Two-phase build systems such as autotools and CMake attempt to recover correctness by bringing back implicit-dependency scanning, but also keep performance by segregating the O(n log n) cost of implicit-dependency scanning into a configuration pre-phase that generates makefiles. This sharply reduces the likelihood of error by reducing the number of dependencies that have to be hand-maintained. But it is still possible for a build to be incorrect if (for example) a source change introduces a new implicit dependency or deletes an old one.
Another well-known problem with two-phase systems is that build recipes are difficult to debug. When make throws an error, you get a message with context in the generated makefile, not whatever master description it was made from.
My major conclusion is that it is not possible to design a build system with better than O(n log n) performance in the number of objects without sacrificing correctness. If the build system does not assemble a complete dependency DAG, some dependencies may exist that are never checked during traversal. Belt-and-suspenders techniques to avoid this (for example in recursive makefiles) tend to force redundant builds of interior objects such as libraries, sacrificing efficiency.
A minor conclusion, but interesting considering the case that drove me to think about this, is this: SCons is just as bad, but not necessarily worse, than it has to be.
UPDATE: I originally misestimated the cost of DAG building as O(n**2). This weakens the minor conclusion slightly; it is possible that SCons is worse than it has to be, if there is a naive quadratic-time algorithm being used for lookup somewhere. Since it’s implemented in Python, however, it is almost certainly the case that the lookup is done through a Python hash with sub-quadratic cost.

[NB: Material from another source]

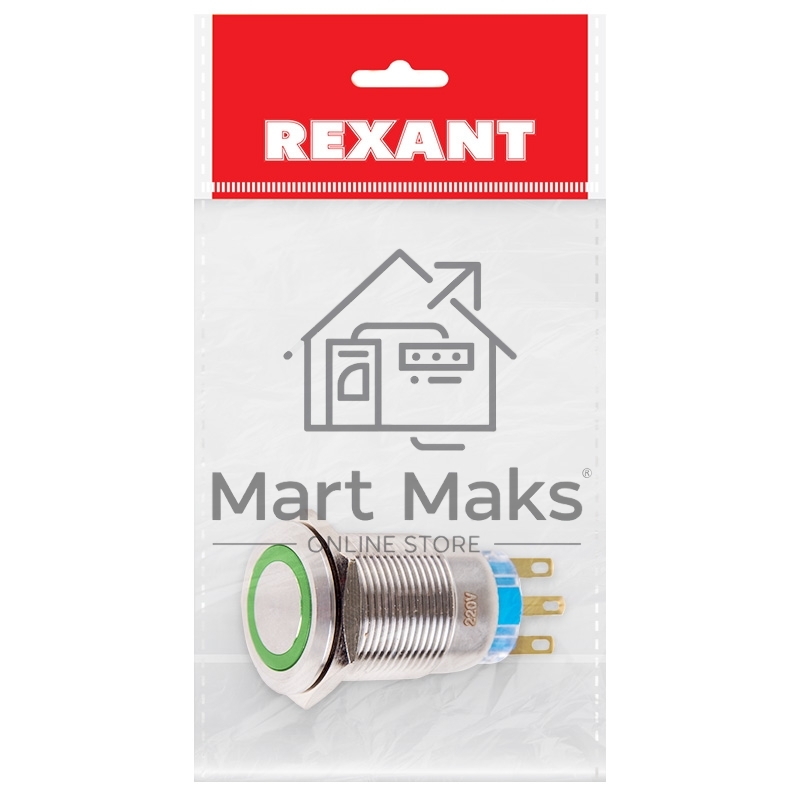Кнопка антивандальная Ø19 250В Фикс (5с) ON-OFF/OFF-ON подсв/зеленая Rexant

Objections to the above analysis focused on exploiting parallelism are intelligent but don’t address quite the same case I was after. SCons and other build systems on its historical backtrail (such as waf and autotools) will all try to parallelize if you ask them to; unless there are very large differences in how well they do task partitioning, Amdahl’s-Law like constraints pretty much guarantee that this can’t change relative performance much. And in cases where the dependency notation tends to underconstrain the build (I’m looking at you, makefiles!) attempting to parallelize is quite dangerous to build correctness.